I tried numerical irreducible decomposition in complex space and the result shows that it has 3 dim-1 components and 5 dim-0 component.
Dimension 1: 3 classified components
-----------------------------------------------------
degree 2: 3 components
Dimension 0: 5 classified components
-----------------------------------------------------
degree 1: 5 components
But I have no idea about real solutions, how to determine how many real solutions are there and how to determine them?
Update on the context:
The system is derived from the following system by fixing $a=0$. In order to solve it, I transfer it to the polynomial system.
$$\begin{cases}
&sin(a-b)+sin(a-c)+sin(a-d)=0 \\
&sin(b-a)+sin(b-c)+sin(b-d)=0 \\
&sin(c-a)+sin(c-b)+sin(c-d)=0 \\
&sin(d-a)+sin(d-b)+sin(d-c)=0
\end{cases}$$
Best Answer
(Partial answer, about the real solutions.)
Let $\,A=\cos a + i \sin a\,$ and similar for $\,B,C,D\,$, then $\,|A|=|B|=|C|=|D|=1\,$, and:
$$ \text{Im}\left(\frac{A+B+C+D}{A}\right)=\text{Im}\left(\frac{B+C+D}{A}\right)=\sin(b-a)+\sin(c-a)+\sin(d-a)=0 $$
If $\,S = A+B+C+D \ne 0\,$ this is equivalent to $\,A\,$ being a real multiple of $\,S\,$, and the same goes for $\,B,C,D\,$, so $A = \alpha\,S$, $\;B = \beta\,S$, $\;C = \gamma\,S$, $D = \delta\,S\;$ for some $\,\alpha,\beta,\gamma,\delta \in \mathbb R\,$.
Adding the equations gives $\,S = (\alpha+\beta+\gamma+\delta) \,S$ $\implies S=0 \;\lor\; \alpha+\beta+\gamma+\delta = 1$.
$S=0\,$ gives $\,A=\alpha\,S=0\,$ which violates $\,|A|=1\,$, otherwise $\,A = \alpha\,S$ $\implies |\alpha| \, |S| = |A| = 1$ $\implies \alpha = \pm \frac{1}{|S|}\,$. Then, the sum condition requires that $\,\pm \frac{1}{|S|}\pm \frac{1}{|S|}\pm \frac{1}{|S|}\pm \frac{1}{|S|}=1\,$ for some choice of signs.
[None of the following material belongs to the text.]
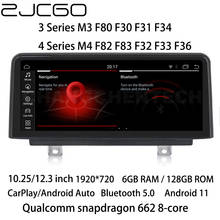 ZJCGO Car Multimedia Player Stereo GPS Radio Navigation Android Screen NBT EVO for BMW 3 4 Series M3 M4 F30 F31 F34 F32 F33 F36 2024 - buy cheap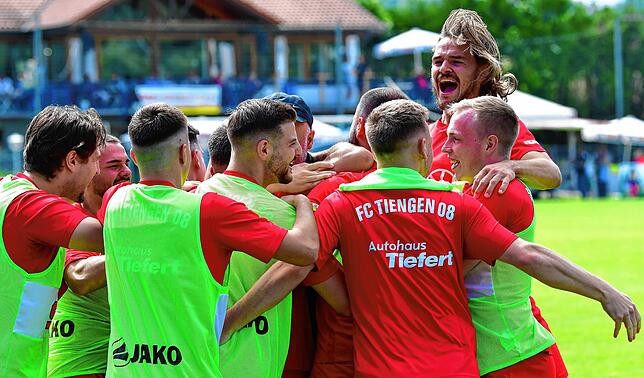 Jubel beim FC Tiengen 08.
This can only happen in two cases (not counting permutations of the variables):
$\,\alpha=\beta=\gamma=\delta=\frac{1}{|S|}\,$ and $\,|S|=4\,$ $\implies A=B=C=D$ $\implies \color{blue}{a\equiv b\equiv c\equiv d}$ $\pmod{2\pi}\,$, which is easily verified to be a solution for any $\,a \in \mathbb R\,$;
$\,-\alpha=\beta=\gamma=\delta=\frac{1}{|S|}\,$ and $\,|S|=2\,$ $\implies -A=B=C=D$ $\,\implies \color{blue}{a+\pi\equiv b\equiv c\equiv d}\,$ $\pmod{2\pi}\,$, which is also easily verified to be a solution for any $\,a \in \mathbb R\,$.
This leaves the case $\,S=0\,$, when $\,\text{Im}\left(\frac{B+C+D}{A}\right)=\text{Im}\left(\frac{-A}{A}\right)=0\,$, so the equations are satisfied automatically. What remains to be determined is the solution set of the equation $\,S=A+B+C+D=0\,$ subject to the constraint $\,|A|=|B|=|C|=|D|=1\,$.
For that, it's enough to note that four unit vectors which add to $\,0\,$ form a rhombus when placed head-to-tail, so they must be pairwise opposite, or (again not counting permutations) $-A=-B=C=D$ $\implies \color{blue}{a+\pi\equiv b+\pi\equiv c\equiv d}\,$ $\pmod{2\pi}\,$.
Putting it $\color{blue}{\text{all}}$ together, the general solution in reals is $a\equiv b\equiv c\equiv d \pmod{\pi}$.